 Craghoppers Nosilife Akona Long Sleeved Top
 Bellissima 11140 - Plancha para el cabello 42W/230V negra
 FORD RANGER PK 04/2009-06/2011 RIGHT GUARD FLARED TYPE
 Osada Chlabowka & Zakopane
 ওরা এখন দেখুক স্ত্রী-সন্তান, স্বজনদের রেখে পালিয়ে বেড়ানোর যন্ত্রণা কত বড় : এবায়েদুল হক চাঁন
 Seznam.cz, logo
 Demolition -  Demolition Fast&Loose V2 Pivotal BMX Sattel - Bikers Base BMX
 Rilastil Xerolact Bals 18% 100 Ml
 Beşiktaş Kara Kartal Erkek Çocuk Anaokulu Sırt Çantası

* * *

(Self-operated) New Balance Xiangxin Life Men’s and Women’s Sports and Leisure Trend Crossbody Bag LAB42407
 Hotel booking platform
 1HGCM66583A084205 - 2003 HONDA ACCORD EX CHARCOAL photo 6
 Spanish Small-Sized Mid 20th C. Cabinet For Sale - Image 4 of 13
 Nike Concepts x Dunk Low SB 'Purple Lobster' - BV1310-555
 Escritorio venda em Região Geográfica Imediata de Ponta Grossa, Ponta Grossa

*What the task requires*
Using the entries above, repeat only the lines from the one containing "Spanish Small-Sized Mid" through the one containing "Escritorio venda em", end lines included.

*Finished task*
 Spanish Small-Sized Mid 20th C. Cabinet For Sale - Image 4 of 13
 Nike Concepts x Dunk Low SB 'Purple Lobster' - BV1310-555
 Escritorio venda em Região Geográfica Imediata de Ponta Grossa, Ponta Grossa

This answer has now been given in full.